LA POLIZIA È ARRIVATA martedì mattina poco dopo le 7, e ha trovato un centinaio di persone tra cui 25 bambini. Erano entrati nei locali dell’ex sede di Alitalia a Sesto San Giovanni sabato sera, dopo l’allontanamento dai locali di via Oglio a Milano. I bimbi sono rimasti nello stabile per alcune ore con le loro mamme, seduti in cerchio, cantando circondati dagli agenti di polizia. Fuori, in linea con quanto scritto nella circolare, nessun assistente sociale e nessuna proposta di collocazione alternativa per gli occupanti. A mezzogiorno la decisione di lasciare l’immobile e tornare a Milano in via Oglio, in quella che per due anni è stata la loro casa.

LA STORIA di «Aldo Dice 26×1» si muove tra Sesto San Giovanni e Milano. Nasce nel 2014 con l’occupazione dell’ex sede di Alitalia a Sesto, che per numero di persone coinvolte da tempo non si vedeva nel milanese. Una grande comune dove trovarono casa oltre 200 persone, un migliaio quelle transitate in quattro anni, la maggior parte sfrattati in attesa di un altro alloggio popolare. Si autodefinirono residence sociale per la natura temporanea della sistemazione.

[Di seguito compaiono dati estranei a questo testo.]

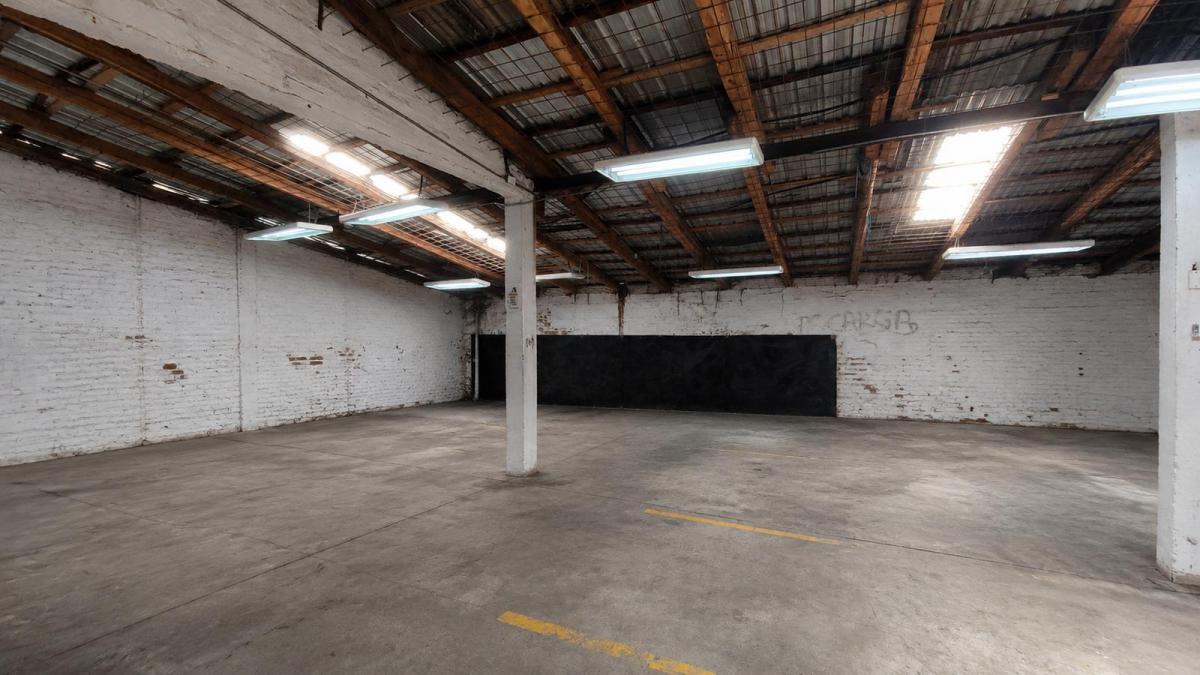 Terreno Comercial en Venta | 2.085 m² | Udla – Av de Los Granados | Quito — imagen 3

A GIUGNO 2016 il primo sgombero a Sesto San Giovanni e il passaggio a Milano, in uno stabile di proprietà di un privato in via Oglio, nella zona sud-est della città. Poi a fine luglio la doccia fredda: l’avviso di distacco della corrente con una data improrogabile: il 6 settembre. Un ultimatum arrivato dalla multiutility dell’energia A2A dopo che la proprietà aveva disdetto il contratto e aveva chiesto l’intervento della forza pubblica per rientrare in possesso dello stabile. Dopo una mediazione con l’assessore alla sicurezza Anna Scavuzzo e l’assessore ai servizi sociali Piefrancesco Majorino gli occupanti di Aldo avevano iniziato ad uscire dallo stabile nei giorni scorsi in cambio della promessa di valutazione caso per caso dell istituzioni.

«MA NON POTEVAMO lasciare le persone in strada in attesa delle risposte dal Comune» spiega Laura, del Comitato Diritto alla Casa, uno dei soggetti attivi in «Aldo Dice 26×1». Da qui il tentativo di rientrare nell’ex sede Alitalia di Sesto San Giovanni. «Quando siamo entrati tutto era come l’avevamo lasciato». Nonostante le promesse fatte dalla proprietà nel 2016 lo stabile era ancora chiuso e abbandonato.

OGGI A GUIDARE la giunta del comune c’è Roberto Di Stefano, un sindaco di Forza Italia molto vicino alla Lega e al ministro Salvini, marito di Silvia Sardone, la donna più votata alle ultime elezioni regionali lombarde che da poche settimane ha lasciato Forza Italia e per lei si parla di un possibile passaggio alla Lega.

IL SINDACO si era presentato personalmente sabato notte con vigili e polizia per cercare di allontanare gli occupanti. Poi i post su Facebook e l’appello lunedì pomeriggio al ministro Salvini affinché lo sgombero venisse fatto in tempi rapidi. Detto fatto, è bastata una notte per passare dalle parole ai fatti. 187 persone in strada, 67 nuclei familiari, 84 minorenni. Tutti sono rientrati in via Oglio a Milano e una delegazione ha incontrato l’assessore alle politiche sociali Majorino.

IL COMUNE ha proposto sistemazioni alternative per le famiglie con bambini, per gli altri le strutture dell’emergenza sociale. Il distaccamento della corrente il 6 settembre resta, il privato ha chiesto di rientrare in possesso dello stabile, le famiglie dovranno decidere insieme cosa fare. In serata la stanchezza era tanta e l’umore basso. “Colpevoli di essere poveri” diceva sconsolata una mamma prima di rientrare nell’edificio.